> _Task_:
Please output only the lines that run from the line containing "Capital O 11666" through the end of the material below, exactly.
--------------------------------------------------
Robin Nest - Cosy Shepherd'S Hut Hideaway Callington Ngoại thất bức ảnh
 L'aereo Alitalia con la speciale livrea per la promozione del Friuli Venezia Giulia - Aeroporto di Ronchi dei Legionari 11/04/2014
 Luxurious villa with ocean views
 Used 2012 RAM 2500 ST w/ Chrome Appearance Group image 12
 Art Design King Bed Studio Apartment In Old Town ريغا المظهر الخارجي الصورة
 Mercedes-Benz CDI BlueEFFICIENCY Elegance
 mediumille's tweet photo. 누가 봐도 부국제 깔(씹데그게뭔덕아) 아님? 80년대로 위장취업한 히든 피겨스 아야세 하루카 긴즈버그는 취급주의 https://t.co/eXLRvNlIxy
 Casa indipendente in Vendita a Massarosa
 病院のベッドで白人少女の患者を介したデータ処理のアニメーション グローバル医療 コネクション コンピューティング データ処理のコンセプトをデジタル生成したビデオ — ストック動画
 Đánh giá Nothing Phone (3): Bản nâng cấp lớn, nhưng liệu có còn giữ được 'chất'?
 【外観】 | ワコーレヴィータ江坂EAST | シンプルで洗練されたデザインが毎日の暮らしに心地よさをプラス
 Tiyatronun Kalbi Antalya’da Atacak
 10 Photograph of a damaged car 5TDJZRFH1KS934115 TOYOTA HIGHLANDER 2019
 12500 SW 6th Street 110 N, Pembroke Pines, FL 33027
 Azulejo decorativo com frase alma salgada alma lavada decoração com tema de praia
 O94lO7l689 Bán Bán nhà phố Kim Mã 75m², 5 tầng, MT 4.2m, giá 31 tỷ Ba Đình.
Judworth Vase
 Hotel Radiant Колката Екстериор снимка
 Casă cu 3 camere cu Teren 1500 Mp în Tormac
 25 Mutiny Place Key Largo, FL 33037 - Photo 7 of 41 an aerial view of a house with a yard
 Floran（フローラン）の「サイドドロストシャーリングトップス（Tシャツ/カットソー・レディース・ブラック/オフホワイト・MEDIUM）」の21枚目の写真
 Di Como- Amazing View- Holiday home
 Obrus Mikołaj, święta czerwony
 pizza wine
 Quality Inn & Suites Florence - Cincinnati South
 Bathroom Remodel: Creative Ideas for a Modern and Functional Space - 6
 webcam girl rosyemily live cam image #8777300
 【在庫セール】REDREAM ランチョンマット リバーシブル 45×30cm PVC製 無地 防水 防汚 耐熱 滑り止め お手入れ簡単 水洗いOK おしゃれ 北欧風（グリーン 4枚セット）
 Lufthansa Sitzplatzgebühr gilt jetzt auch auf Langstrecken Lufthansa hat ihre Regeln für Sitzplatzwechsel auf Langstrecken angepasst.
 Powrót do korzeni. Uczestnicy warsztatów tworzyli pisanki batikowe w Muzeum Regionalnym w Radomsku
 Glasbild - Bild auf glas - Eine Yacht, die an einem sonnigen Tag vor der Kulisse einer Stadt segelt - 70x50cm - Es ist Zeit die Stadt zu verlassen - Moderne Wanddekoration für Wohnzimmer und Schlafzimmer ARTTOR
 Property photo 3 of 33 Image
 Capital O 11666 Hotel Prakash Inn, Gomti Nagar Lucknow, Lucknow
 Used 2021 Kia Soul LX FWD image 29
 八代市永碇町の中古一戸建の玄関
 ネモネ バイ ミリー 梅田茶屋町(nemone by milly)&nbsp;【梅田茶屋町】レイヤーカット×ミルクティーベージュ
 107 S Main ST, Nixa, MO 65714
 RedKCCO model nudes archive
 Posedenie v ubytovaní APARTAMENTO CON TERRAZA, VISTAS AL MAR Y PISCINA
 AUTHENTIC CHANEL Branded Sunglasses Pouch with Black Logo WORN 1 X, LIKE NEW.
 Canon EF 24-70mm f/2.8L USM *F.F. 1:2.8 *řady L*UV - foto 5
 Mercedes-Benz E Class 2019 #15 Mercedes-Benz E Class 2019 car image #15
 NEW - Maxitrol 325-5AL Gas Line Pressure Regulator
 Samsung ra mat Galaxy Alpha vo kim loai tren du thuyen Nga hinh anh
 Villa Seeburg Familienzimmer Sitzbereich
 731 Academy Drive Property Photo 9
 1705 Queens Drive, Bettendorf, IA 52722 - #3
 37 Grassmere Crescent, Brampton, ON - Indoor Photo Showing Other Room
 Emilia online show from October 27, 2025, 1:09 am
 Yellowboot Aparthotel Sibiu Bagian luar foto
--------------------------------------------------
> _Result for this task_:
 Capital O 11666 Hotel Prakash Inn, Gomti Nagar Lucknow, Lucknow
 Used 2021 Kia Soul LX FWD image 29
 八代市永碇町の中古一戸建の玄関
 ネモネ バイ ミリー 梅田茶屋町(nemone by milly)&nbsp;【梅田茶屋町】レイヤーカット×ミルクティーベージュ
 107 S Main ST, Nixa, MO 65714
 RedKCCO model nudes archive
 Posedenie v ubytovaní APARTAMENTO CON TERRAZA, VISTAS AL MAR Y PISCINA
 AUTHENTIC CHANEL Branded Sunglasses Pouch with Black Logo WORN 1 X, LIKE NEW.
 Canon EF 24-70mm f/2.8L USM *F.F. 1:2.8 *řady L*UV - foto 5
 Mercedes-Benz E Class 2019 #15 Mercedes-Benz E Class 2019 car image #15
 NEW - Maxitrol 325-5AL Gas Line Pressure Regulator
 Samsung ra mat Galaxy Alpha vo kim loai tren du thuyen Nga hinh anh
 Villa Seeburg Familienzimmer Sitzbereich
 731 Academy Drive Property Photo 9
 1705 Queens Drive, Bettendorf, IA 52722 - #3
 37 Grassmere Crescent, Brampton, ON - Indoor Photo Showing Other Room
 Emilia online show from October 27, 2025, 1:09 am
 Yellowboot Aparthotel Sibiu Bagian luar foto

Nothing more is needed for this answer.